## Your goal
Please repeat the whole listing exactly, but leave the pictures out.
Content starts
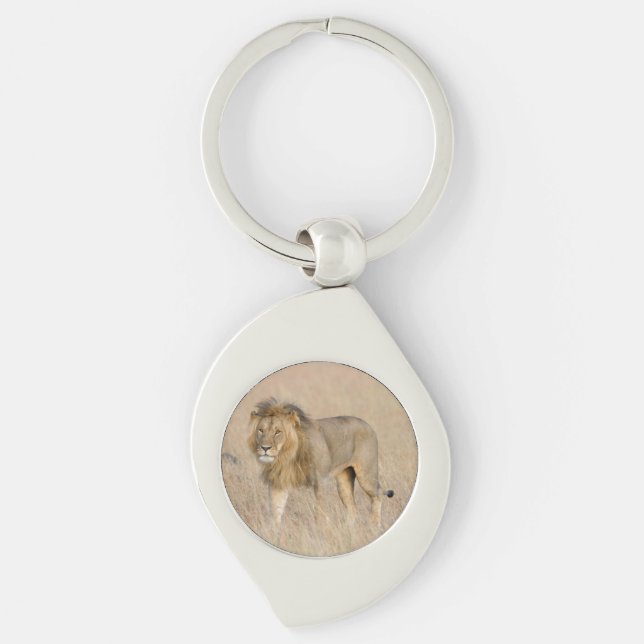 Llavero Caminata de leones (Anverso)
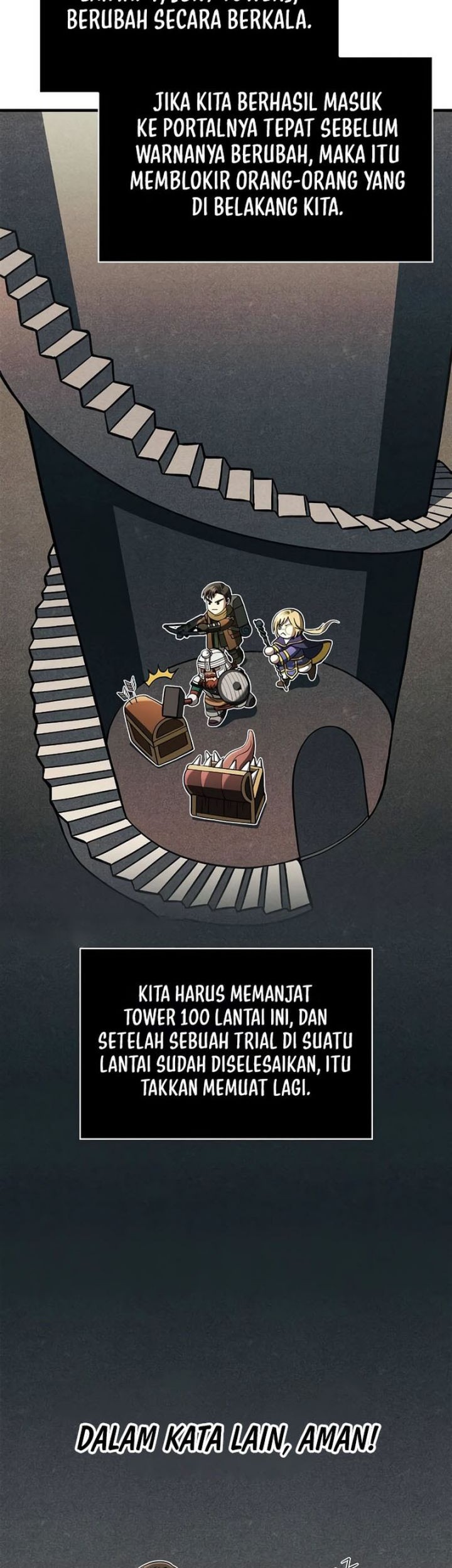 Survive as a Barbarian in the Game Chapter 54 Gambar 32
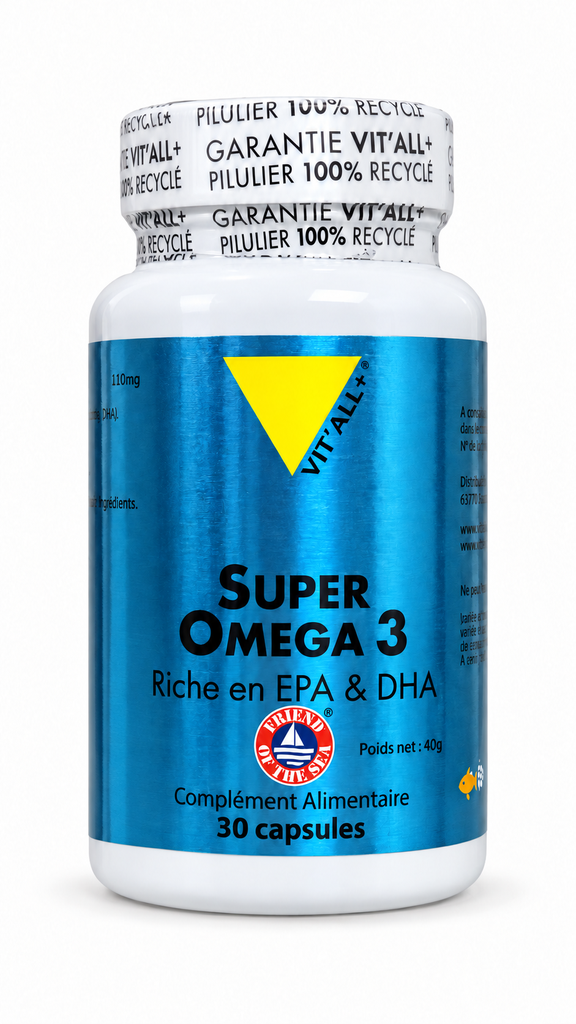 VITALL+ SUPER OMEGA 3 - 30 CAPSULES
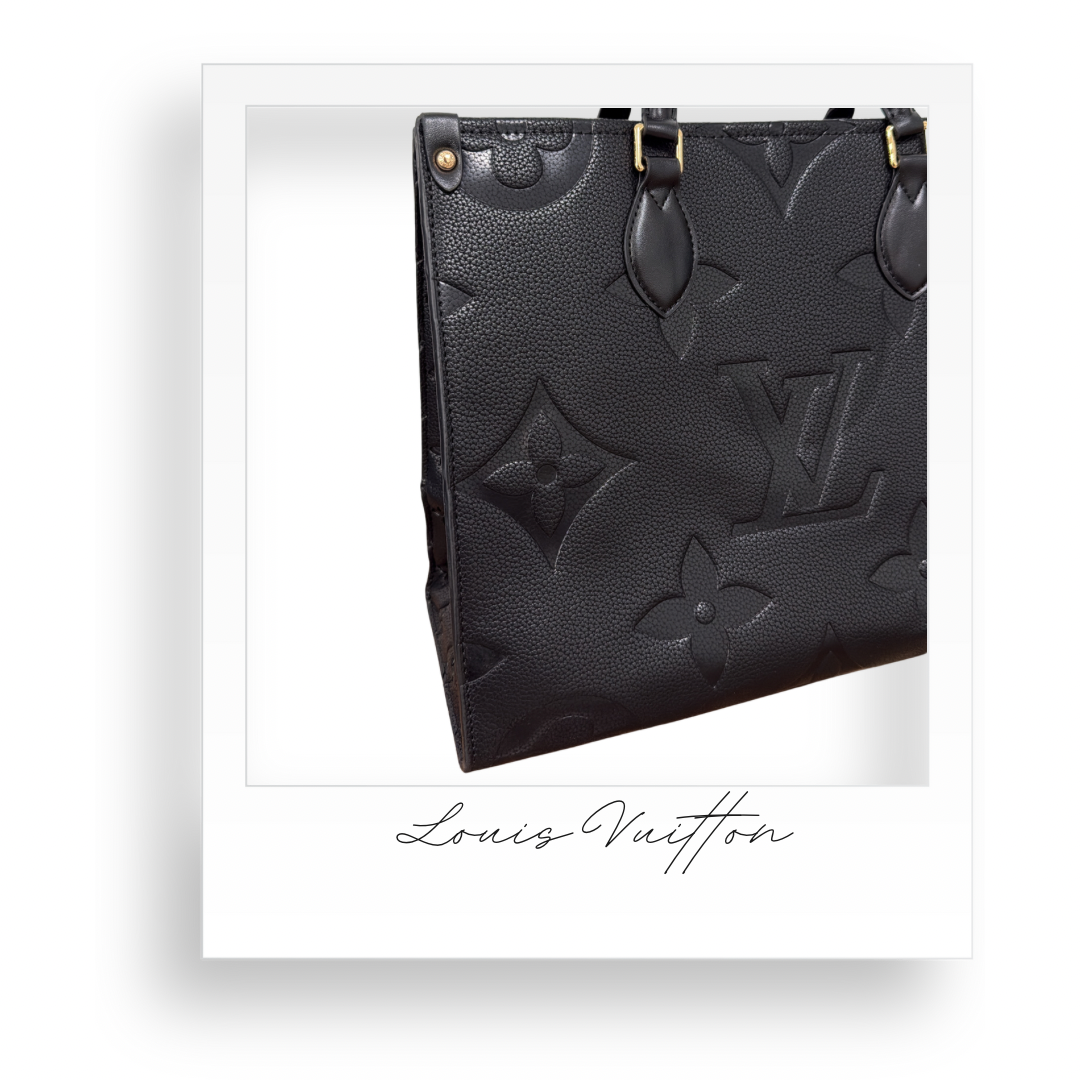 Black Tote Purse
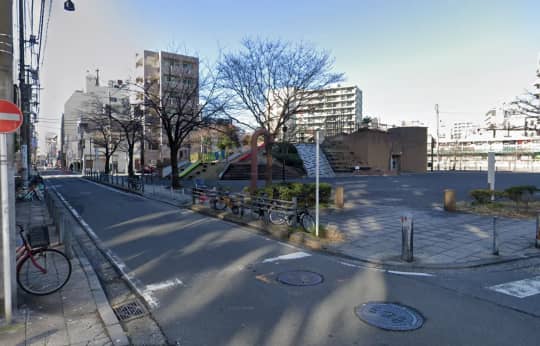 横浜の”角海老石亭”の行き方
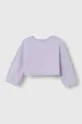 Otroški pulover United Colors of Benetton vijolična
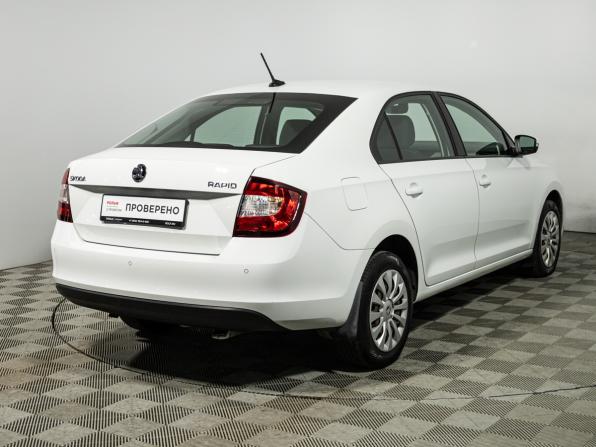 Skoda Rapid I Рестайлинг с пробегом 2019 года, цена 1 499 700 рублей, 51230 км, лифтбек, Автокод Объявления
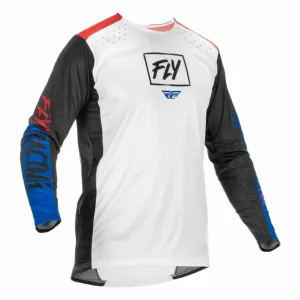 Oblíbený dres LITE, FLY RACING - USA (červená/bílá/modrá)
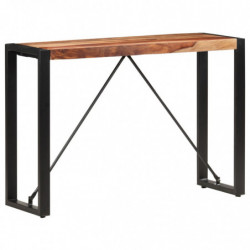 Konsolentisch 110x35x76 cm Massivholz Palisander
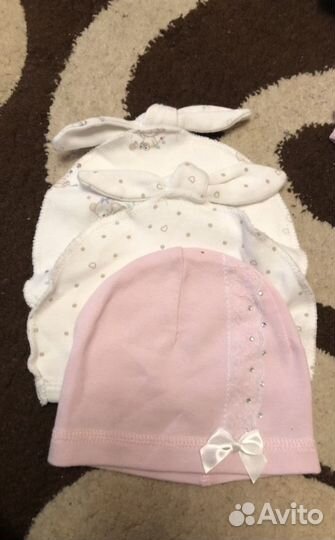 Детские шапочки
Content ends
## Solution for this task
 Llavero Caminata de leones (Anverso)
 Survive as a Barbarian in the Game Chapter 54 Gambar 32
 VITALL+ SUPER OMEGA 3 - 30 CAPSULES
 Black Tote Purse
 横浜の”角海老石亭”の行き方
 Otroški pulover United Colors of Benetton vijolična
 Skoda Rapid I Рестайлинг с пробегом 2019 года, цена 1 499 700 рублей, 51230 км, лифтбек, Автокод Объявления
 Oblíbený dres LITE, FLY RACING - USA (červená/bílá/modrá)
 Konsolentisch 110x35x76 cm Massivholz Palisander
 Детские шапочки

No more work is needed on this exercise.